Bugün sabahından akşamına yoğundu, bir yandan ustaları yapılan işleri kontrol ediyorum takip ediyorum ki nokta detay olarak olaya baktığımda e adım adım projeyi ezberleyememiş olmam normal olsa da orada örülen duvara bakarken bu bir eksiklik oluyor.
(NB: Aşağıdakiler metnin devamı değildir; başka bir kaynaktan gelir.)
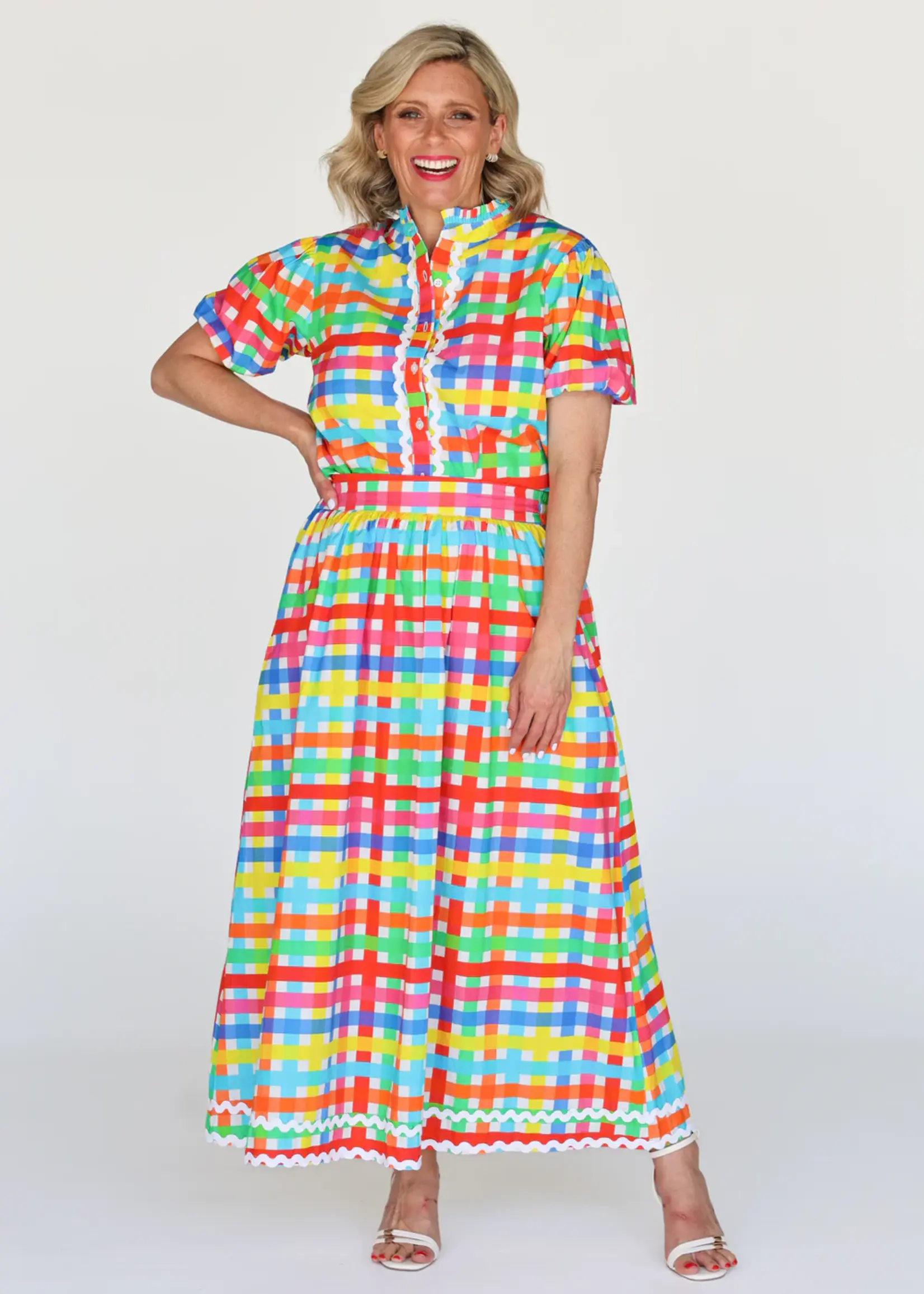 Liv & Milly Chloe Skirt Neon Gingham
Bir yandan bugün için taşeronun mimarı ile sözleşmiştik, birlikte oturup projeyi çalışalım dedik. Taş uygulaması burada normalden biraz farklı, normalde taş uygulamaları seramik gibi düşünülür, birbirini takip eden derzler, tek boyut ya da düzenli bir döşeme çalışması vardır. Ancak bu projede böyle değil.

Bodrum da yapıların geleneksel özelliği beyaza boyalı olmalarıdır. Çok yüksek olmayan mustakil, beyaz ve teras çatılı evlerden oluşur Bodrum silüeti. Buna ek olarak kale gibi bir yapısı vardır. Bu bölgedeki modern tasarımlarda bu korunmuyor elbette ama çok abes durmaması amacıyla da bir benzerlik yakalanmaya çalışılıyor. Kireç boyanmayan yerler beyaz kompakt plakalarla kaplanıyor ya da (kale den ilham oldugunu düşündüğüm) taş kaplama yapılıyor.

Bizim projede de bu 2. bahsettiğim kalede ilham alındığını düşünüyorum. Projenin bir iki yerde tanıtımını okumuştum ve böyle bir ibareye rastlamadım ama, düşey derzlerin birbirini takip etmeyip yatayda etmesi ve tek tip değil de farklı tiplerde karışık bir görüntü elde edilmeye çalışılması yığma yapıların uygulamasını aklıma getirdi. Bir de uygulanan ada kısmın da bir kule yapılınca burası kale gibi yapılmaya çalışılıyor dedim kendimce:)

Etki böyle olunca çalışma da biraz farklılaşıyor tabi ki, yatay derzler bütün bina boyunca birbirini takip edecek, ama farklı kotlarda bitip devam ediyorlar, kesik parça konmamasını istiyorlar derken kaplamanın tasarımı ciddi bir iş anlamına geliyor. Neyse ben bunu merkezdeyken taş ile yoğun bir çalışma yapmış ve mimarlık adı altında kazandığım göz ve algıda seçicilik ile çözdüm, bir de burda işi hızla bitirmek isteyenlere anlatmak kaldı ki.. off..

Önce uygulamayı yapacak firmanın mimarına anlattım, yok olmaz öyle dedi, tuttum elinden götürdüm, al bak dedim, uygulamanın dibine kadar girip aaaaaaaaaaaaaaaaaaaaa diyene kadar da vazgeçmedim:) ve başardım! Sonra bi de bunu hadi başlayıp bitirelim diyen şefime anlatmakla vakit geçirdim ki bu gece 9 a kadar kalmam anlamına geldi..

Neyse ısrarlarımla çözüldü mü sorun çözüldü.. Daha doğrusu sorun algılandı, yap geç değil otur çalış işi olduğunu gördük hep birlikte, e zaten çözüm için önce sorunu anlamak gerek ya!

Buarada hala teklifleri toplamaya çalışıyorum.. Baya sıkıldım bu durumdan.. Satın almacıların işini lütfen satınalmacılar yapsın!